Letter: Shame on teachers who talk politics in class

Jan 25, 2017

When I was growing up, I do not remember any teachers discussing their political views in class. In fact, even my parents kept their views to themselves.

Every once in awhile they would let an opinion on a candidate slip out and I would quickly jump on that train and agree even though I knew nothing about what they had said. My dad once called me out and asked why I was agreeing. I didn’t have an answer.

My dad used those moments to teach me to form my own opinion by studying the candidates rather then simply agreeing with the opinions of others. He would tell me that what he wanted from a candidate may not be what I wanted, and if democracy was going to work I needed to have my own educated opinion. I have adopted those lessons and taught them to my children.

Throughout this last presidential campaign, I heard that some teachers have taken the liberty to discuss their positions with their students. I have also heard that when a student challenged the teacher’s opinion, they were told the topic was not open for discussion.

Eight years ago, when my daughter was in sixth grade, her teacher had them watch the inauguration in class. Afterward, the teacher held a party and had the kids take photos with an Obama cutout.

This year, I heard teachers in our school district refused to show the inauguration out of protest of our 45th president.

To the superintendent of the Mukilteo School District: These are young, impressionable children who are being influenced by false information on social media and one-sided discussions from teachers. Protesting the inauguration is teaching these young kids to be divided rather then united as a nation.

I am saddened that teachers have deprived students of the opportunity to see possibly their very first inauguration. As a parent, I am not happy with the contradictory behaviors of teachers and district leaders.

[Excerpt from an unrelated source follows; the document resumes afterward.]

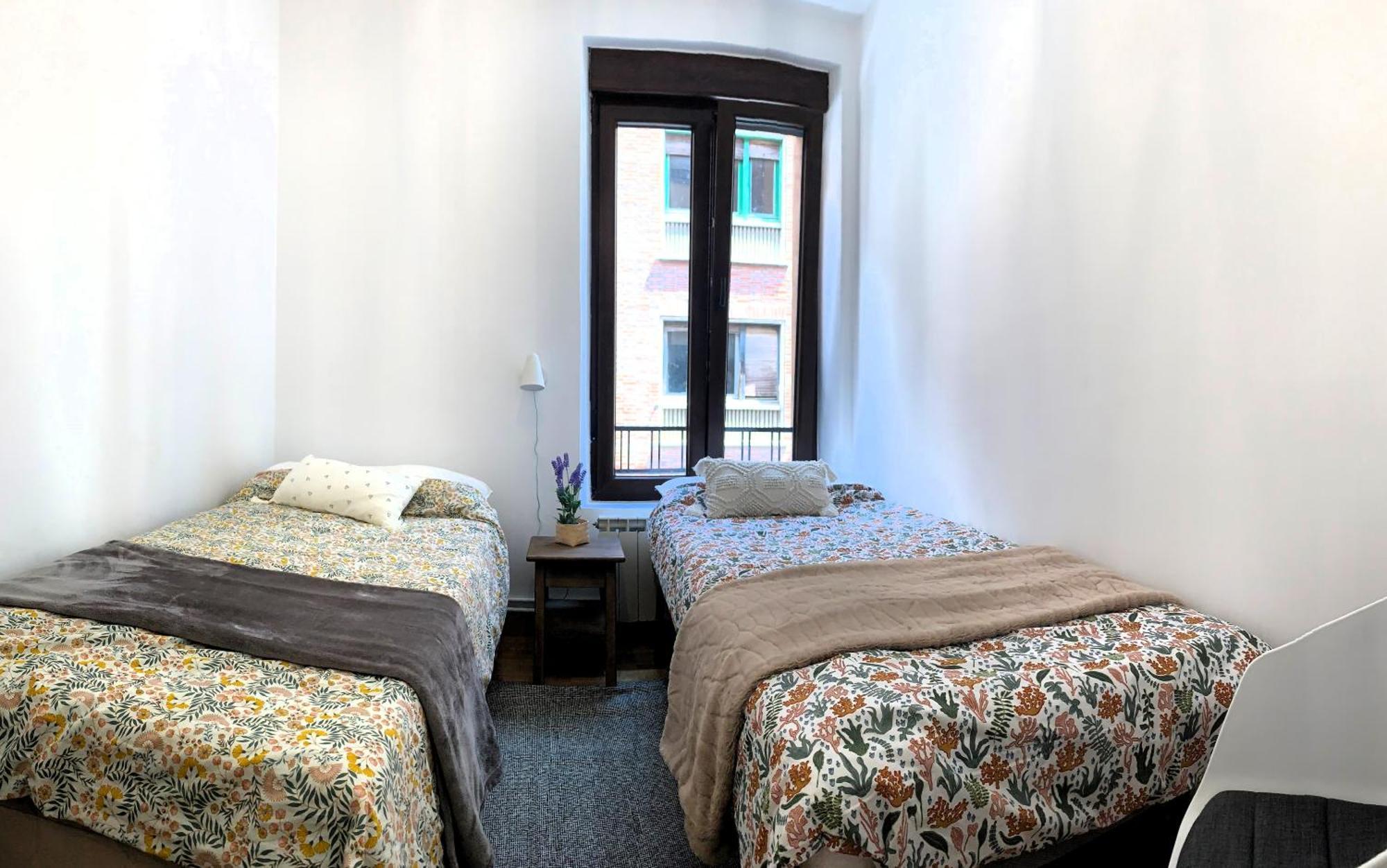 Ferienwohnung Bonito Piso A 500M De La Catedral León Exterior foto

Those teachers who chose to protest the inauguration should be ashamed. You had a fantastic opportunity to teach these children how blessed we are to live in a country where democracy works, where individual opinions are heard and how fortunate we are to witness the peaceful transition of power. As teachers, you missed a very teachable opportunity. To those teachers that showed the inauguration in your class: kudos to you.

 

Jenny Eglian
Mukilteo
Comments (1)
Posted by: Fred Taylor | Jan 26, 2017 13:43

Thank you for your excellent letter. There's no excuse for teachers to show such bias against the duly-elected President of the United States while doing their very important work. These kinds of attitudes, words and actions turn the public school into the government propaganda machine that people cite as the number-one reason they don't want their kids in public school. Who can blame them?